*** STUDY MATERIAL ***

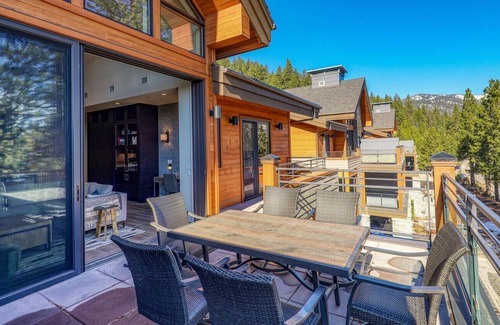 Crystal Bay Condo | Crystal Bay Penthouse 301 | Community Hot Tub | Close to Beaches & Skiing!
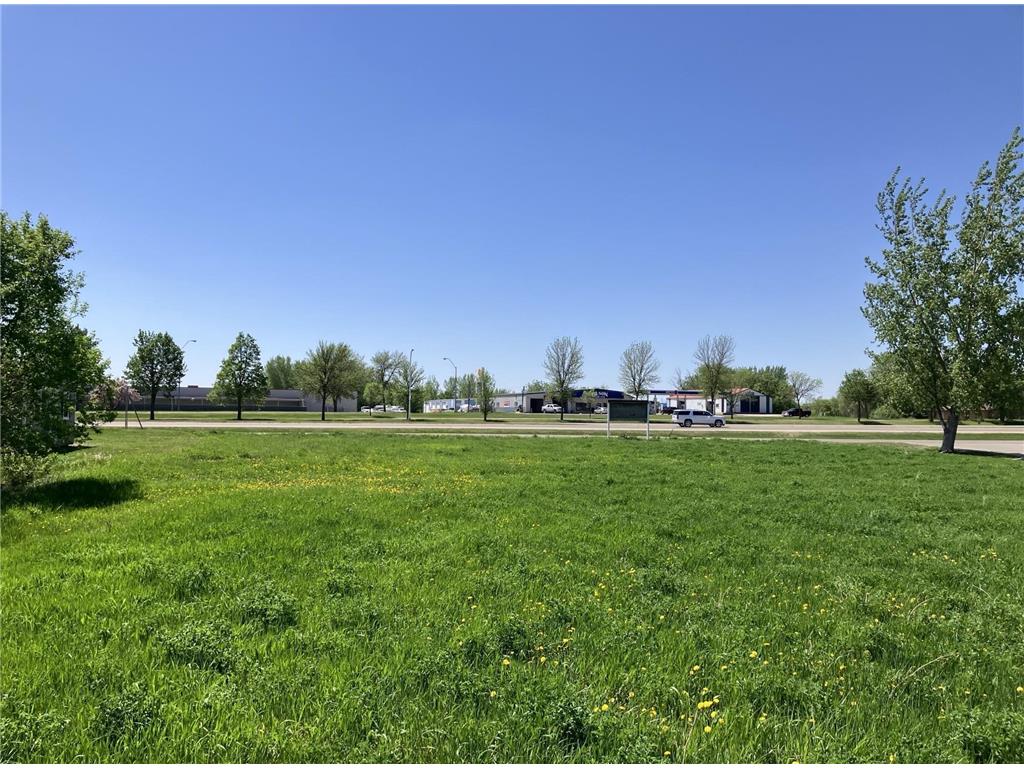 1400 W Lincoln Avenue Fergus Falls MN 56537 6720285 image1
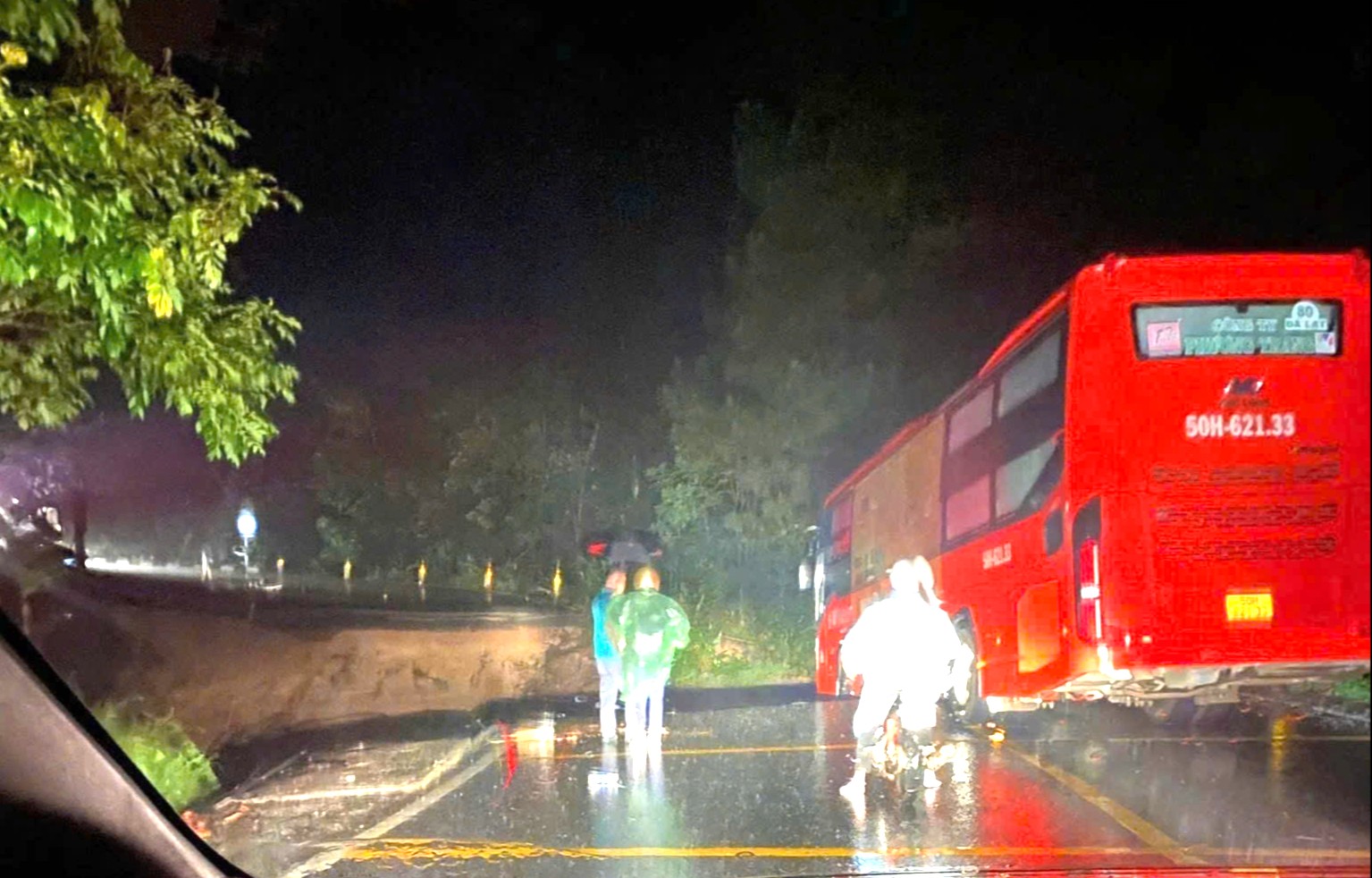 Khẩn cấp khắc phục hư hỏng đèo Mimosa- Ảnh 3. Khẩn cấp khắc phục hư hỏng đèo Mimosa- Ảnh 3.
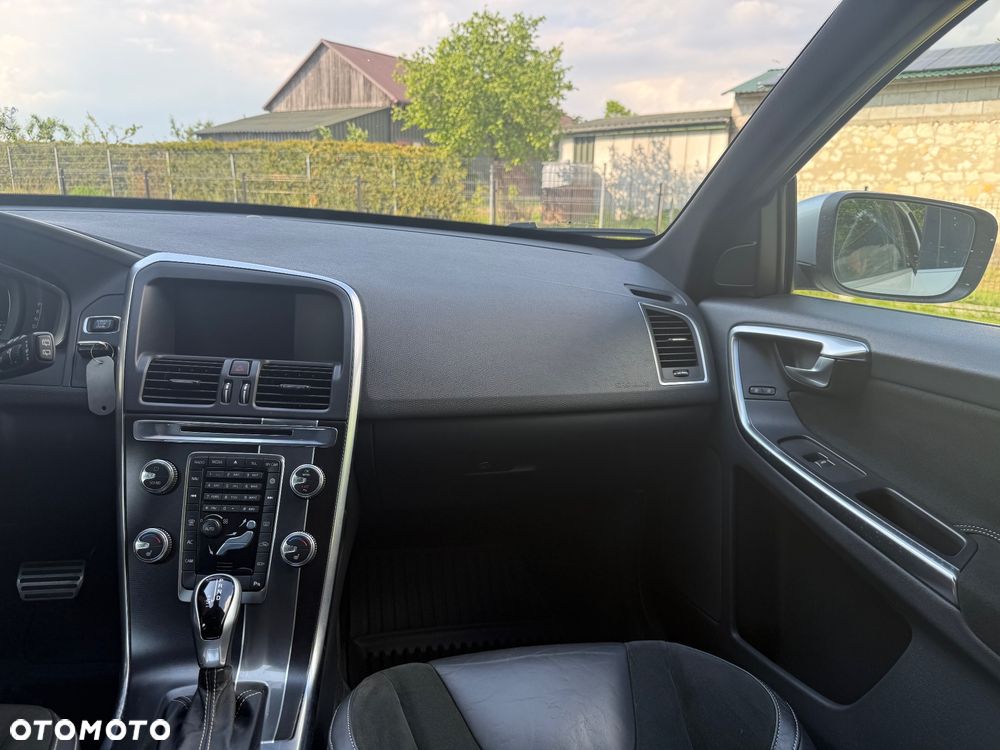 Volvo XC 60 D4 Drive-E Summum - 30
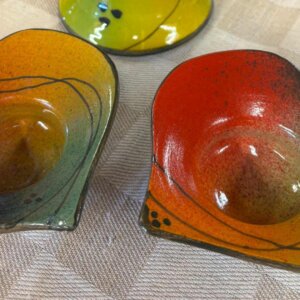 Hjerteformede skåler i fargerik glasur, perfekt for dekorasjon eller servering av småretter.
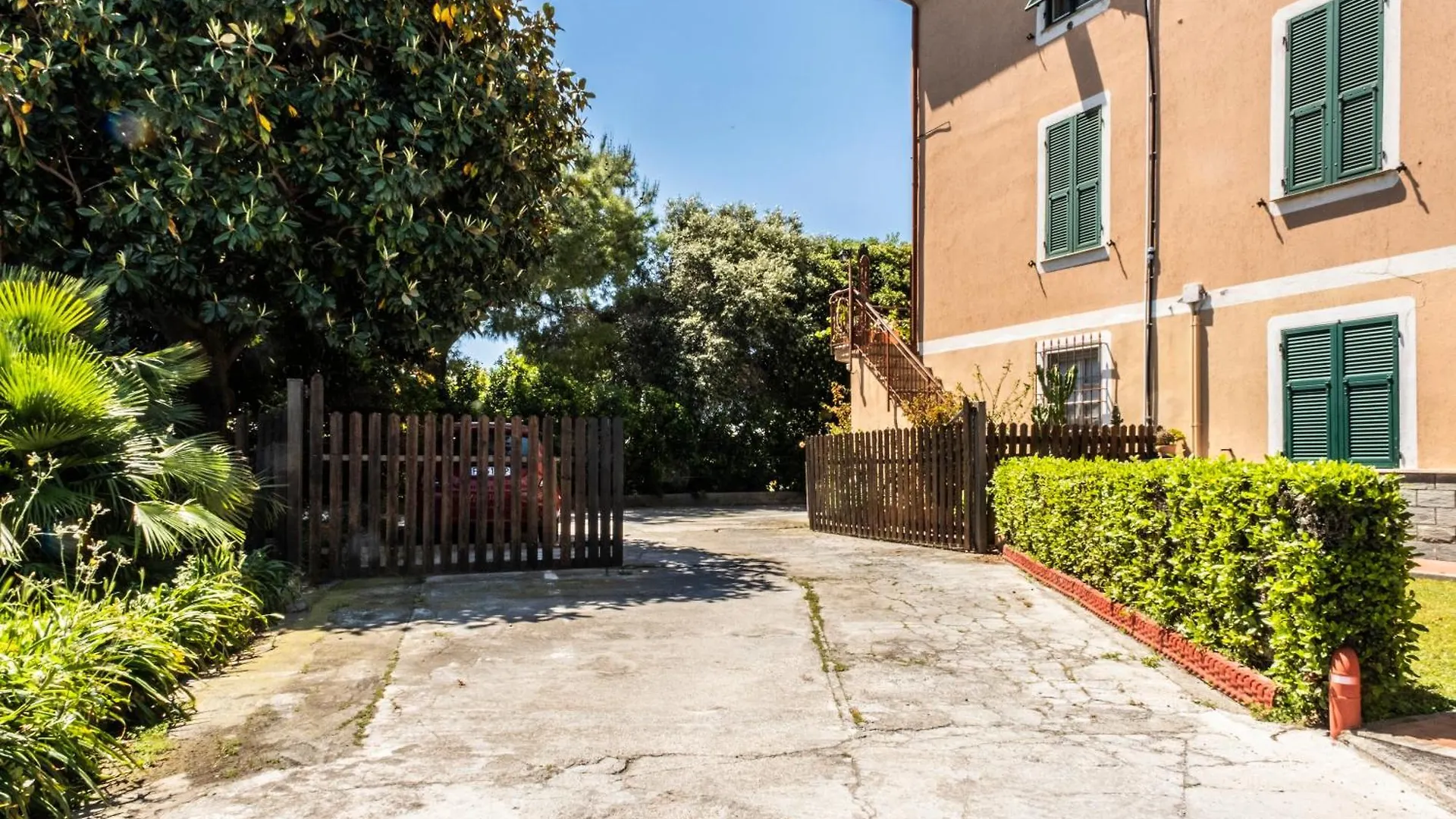 Apartment Agriturismo Giorgi Appartamenti In Riviera Ligure Albenga Italy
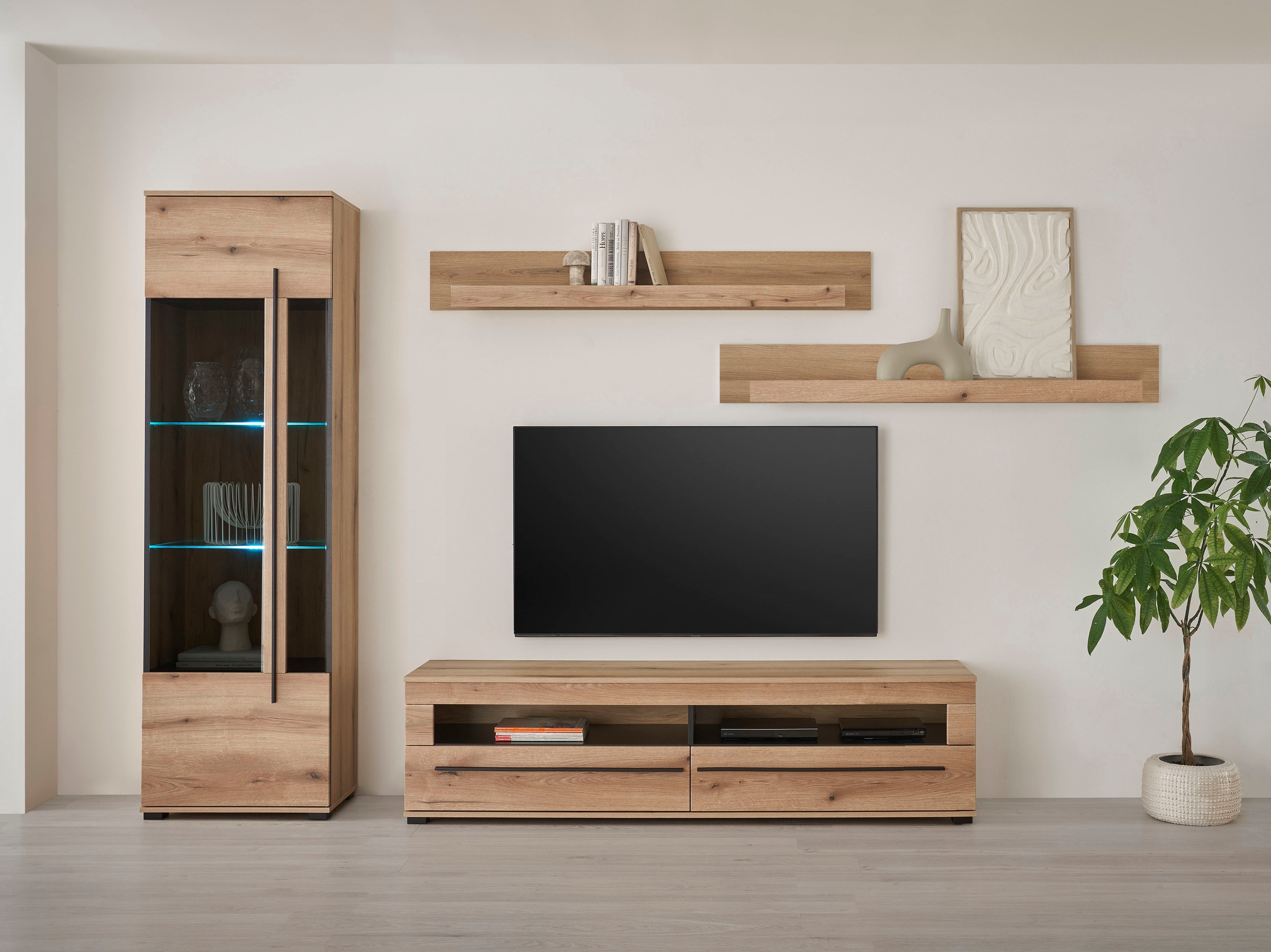 INOSIGN Wohnwand »Cantara, moderne Anbauwand, Wohnzimmer-Set, in Eiche Evoke oder Weiss«, (Set), enthält eine Vitrine, ein Lowboard und zwei Wandboards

*** End of STUDY MATERIAL ***

▸ EXERCISE PROMPT: From the first line of the material to the last, retype everything exactly except the images.

▸ SOLVED PROBLEM:
 Crystal Bay Condo | Crystal Bay Penthouse 301 | Community Hot Tub | Close to Beaches & Skiing!
 1400 W Lincoln Avenue Fergus Falls MN 56537 6720285 image1
 Khẩn cấp khắc phục hư hỏng đèo Mimosa- Ảnh 3. Khẩn cấp khắc phục hư hỏng đèo Mimosa- Ảnh 3.
 Volvo XC 60 D4 Drive-E Summum - 30
 Hjerteformede skåler i fargerik glasur, perfekt for dekorasjon eller servering av småretter.
 Apartment Agriturismo Giorgi Appartamenti In Riviera Ligure Albenga Italy
 INOSIGN Wohnwand »Cantara, moderne Anbauwand, Wohnzimmer-Set, in Eiche Evoke oder Weiss«, (Set), enthält eine Vitrine, ein Lowboard und zwei Wandboards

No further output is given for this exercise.